Unfortunately we do not know which factors lead to target RNA-directed tailing and trimming and this will be an interesting venue of research in upcoming years. Moreover, the current model fails to explain the existence of highly complementary microRNA target sites present in both mammals and flies. But the paper formulates the question it tries to answer clearly from the beginning and delivers a satisfactory answer.

Citation for researchblogging.org:

Ameres SL, Horwich MD, Hung JH, Xu J, Ghildiyal M, Weng Z, & Zamore PD (2010). Target RNA-directed trimming and tailing of small silencing RNAs. Science, 328 (5985), 1534-9 PMID: 20558712

RNA Journal Club 7/8/10

Posted in RNA Journal Club, RNAJC w/ review by YPAA on July 8, 2010

Down-Regulation of a Host MicroRNA by a Herpesvirus saimiri Noncoding RNA

Demián Cazalla, Therese Yario, Joan Steitz

Science Vol. 328: 1563 – 1566, 18 June 2010.
DOI: 10.1126/science.1187197

This week’s attentive summary and analysis by David Koppstein, his first on the blog:

In this study, Cazalla and colleagues found complementarity of three endogenous microRNAs–miR-27, miR-16, and miR-142-3p–to two noncoding RNAs encoded by Herpesvirus saimiri, HSUR 1 and HSUR 2, which have conserved motifs reminiscent of cellular U snRNAs. They pursued this observation by pulling down Ago2 and looking for these HSURs, and conversely by pulling down Sm proteins and looking for the miRNAs. Interestingly, these CoIPs specifically pulled down the HSURs and miRNAs, respectively, that were bioinformatically predicted to interact. During these experiments, they noticed that a mutant strain of the virus that lacked HSURs 1 and 2 expressed miR-27 at significantly higher levels.

Cazalla and colleagues then performed experiments to determine what was causing the increased levels of miR-27 in the mutant strain. They designed a pulse-chase nucleofection protocol with a radiolabeled synthetic miRNA, and noted a significantly shorter half-life in the presence of HSURs 1 and 2. Since levels of the pre-miRNA and the passenger strand were unchanged, they concluded that the mature miRNA itself must be destabilized.
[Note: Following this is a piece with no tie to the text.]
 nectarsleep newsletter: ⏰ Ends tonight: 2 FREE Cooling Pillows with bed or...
It was also noted that the destabilization of miR-27 had consequences on the transcriptional landscape of the cell. A validated target of miR-27, FOXO1, which is a transcription factor that is dysregulated in breast, prostate, and endometrial cancers, was observed to be significantly downregulated in the absence of HSUR 1. Cazalla et al. also recapitulated the downregulation of miR-27 in Jurkat T-cells by
combinations of stable lines expressing HSURs and knockdowns using chimeric oligoribonucleotides. Strikingly, they observed that the specificity of HSUR 1 could be artificially switched to target miR-20.
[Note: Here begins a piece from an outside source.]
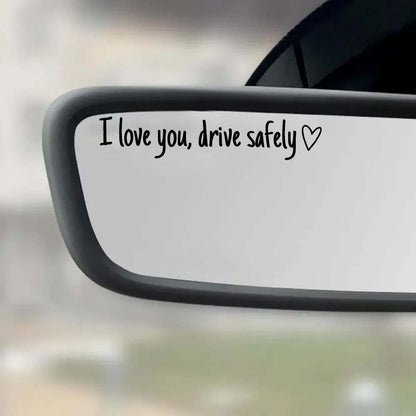 “I Love You, Drive Safely” Car Mirror Decal Set – Cute Reflective Vinyl Stickers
There are several questions raised by this paper. First, there is the tantalizing prospect that the mechanism of destabilization of miR-27 is the same as that described by Ameres et al. in the same edition of Science. Further work, especially deep sequencing analysis of small RNAs, will likely reveal whether this is the case. There is also the mystery of where the interactions between HSURs and miRNAs are taking place; HSURs are thought to be nuclear, but may shuttle to the cytoplasm during their maturation. It is also still unclear what genes are perturbed as a consequence of the decreased miR-27 levels, and how this may affect viral fitness. Finally, one wonders about the functional significance of the interaction of HSURs 1 and 2 with miR-142-3p and miR-16. In summary, this paper presents a novel mechanism by which a virus perturbs host gene expression using noncoding RNA.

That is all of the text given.